90 percent of the time, I love my life. I live in a great city, with tons of opportunities. I have an amazing husband, who works hard to provide for our family. I have a beautiful daughter, who fills my days with joy. I have a nice home and a place to exercise and health and a great church community. I am able to sing and run and read and exercise my creativity in different ways.

But.

I still struggle with contentment. That 10 percent just eats away at me. I wish things for my life that aren't possible right now, and I find myself frustrated that I'm not able to do those things. I wonder where this stems from. Is it some weird effect of the feminist movement, to make me feel like my being a stay-at-home mom is unfulfilling in some way? If I had stayed in my career, would I feel better about things? Would I be more content? It's almost like I see the grass as greener on the other side of the fence.
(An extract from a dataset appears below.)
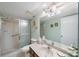Clean bathroom with a large vanity, shower, and a mirrored medicine cabinet at 9433 Harbor Greens Way # 403, Seminole, FL 33776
But see, here's the rub: I don't think I would like it any more if I were on the other side of the fence. Because I was there. I have experienced the other side of so many things. I was single until I was 26, and didn't date a lot, and I just wanted to be married. I had a marriage with no kids for 8 years, and I just wanted to add kids to the mix. I had a job as a teacher, and I never felt completely comfortable in it enough to enjoy it all the time. Same with being a photographer--I always felt like I knew just enough to get by, but not enough to really excel. And now, as a mom, I feel similarly--I'm doing an okay job, but I'm not doing an exceptional job.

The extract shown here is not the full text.